Les têtes à présent se levèrent avec peine et sur tous les fronts était écrit le silence ; ceux-là même qui voulaient parler, le voyaient. Et, après une pause brève et grave, le jeu reprit sur la bandoura, cette fois déjà mieux compris par la foule qui grandissait.
Trois fois Ostap chanta sa chanson de la Justice. Et elle était chaque fois différente. D’abord plainte, elle sembla ensuite un reproche, et, enfin, lorsque pour la troisième fois, le front levé, le Kobzar eut poussé comme une chaîne d’ordres brefs, alors une colère sauvage fit irruption hors des mots tremblants, et les saisit tous et les entraîna dans un enthousiasme à la fois large et anxieux.
— Où s’assemblent les hommes ? demanda un jeune paysan lorsque le chanteur se leva.

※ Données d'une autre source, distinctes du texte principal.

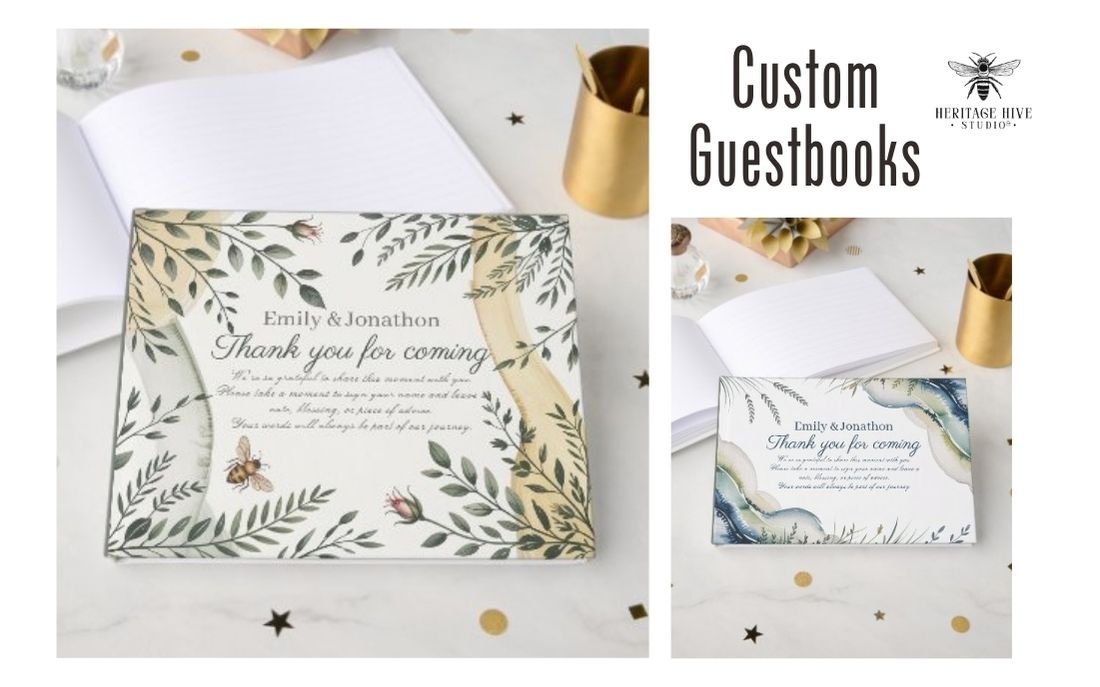 boho custom wedding guestbooks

Le vieux qui connaissait tous les déplacements des cosaques, cita un lieu voisin. Vite les hommes se dispersèrent, on entendit des appels brefs, des armes cliquetèrent et, devant les portes, des femmes se mirent à pleurer. Une heure plus tard, une troupe de paysans armés quitta le village dans la direction de Tchernigof. Pierre avait offert au Kobzar un verre de moût, dans l’espoir d’en apprendre plus long. Le vieillard mangea, but, mais ne répondit que brièvement aux nombreuses questions du cordonnier. Puis il remercia et s’en fut. Aliocha fit franchir le seuil à l’aveugle. Lorsqu’ils furent dehors dans la nuit, et seuls, Aliocha interrogea :
— Et tous peuvent-ils partir en guerre ?
— Tous, dit le vieillard, qui disparut en allongeant le pas, comme si dans la nuit il avait recouvré la vue.
Lorsque tous furent endormis, Aliocha se leva du poêle sur lequel il s’était couché tout vêtu, prit son fusil et sortit. Dehors il se sentit tout à coup étreindre et doucement baiser sur les cheveux. Aussitôt il reconnut au clair de lune Akoulina qui, à petits pas pressés, courait vers la maison.
— Mère, s’étonna-t-il, et un sentiment étrange l’envahit.
Il hésita un instant. Une porte quelque part tourna dans ses gonds et un chien hurla. Alors Aliocha jeta son fusil sur l’épaule et partit à grands pas, car il espérait encore rejoindre les hommes avant l’aube.
A la maison tous firent comme s’ils ne s’étaient pas aperçus de l’absence d’Aliocha. Lorsqu’ils se furent réunis à table seulement et que Pierre eut vu la place vide, il se leva de nouveau, gagna l’angle de la pièce, et alluma un cierge devant la Znamenskaja. Un cierge très mince. La laide haussa les épaules.